──────── Records supplied
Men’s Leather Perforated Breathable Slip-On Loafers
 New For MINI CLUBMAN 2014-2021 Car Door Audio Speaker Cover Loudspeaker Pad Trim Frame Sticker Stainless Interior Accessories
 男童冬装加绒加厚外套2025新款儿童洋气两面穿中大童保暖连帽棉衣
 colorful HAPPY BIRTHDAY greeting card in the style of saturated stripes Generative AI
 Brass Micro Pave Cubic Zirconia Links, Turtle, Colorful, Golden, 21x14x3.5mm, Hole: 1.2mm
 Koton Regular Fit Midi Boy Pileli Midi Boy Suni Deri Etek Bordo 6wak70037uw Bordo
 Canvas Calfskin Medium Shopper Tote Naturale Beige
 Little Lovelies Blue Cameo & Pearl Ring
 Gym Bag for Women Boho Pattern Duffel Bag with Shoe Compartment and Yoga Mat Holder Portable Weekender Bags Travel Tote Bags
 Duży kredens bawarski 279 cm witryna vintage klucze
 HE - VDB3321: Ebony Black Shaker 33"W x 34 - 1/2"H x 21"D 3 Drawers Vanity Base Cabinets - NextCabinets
────────────────
## Exercise:
Give back the entries above exactly as they are, from their first line through the line that contains "colorful HAPPY BIRTHDAY", both included, with nothing else.

## Written response:
Men’s Leather Perforated Breathable Slip-On Loafers
 New For MINI CLUBMAN 2014-2021 Car Door Audio Speaker Cover Loudspeaker Pad Trim Frame Sticker Stainless Interior Accessories
 男童冬装加绒加厚外套2025新款儿童洋气两面穿中大童保暖连帽棉衣
 colorful HAPPY BIRTHDAY greeting card in the style of saturated stripes Generative AI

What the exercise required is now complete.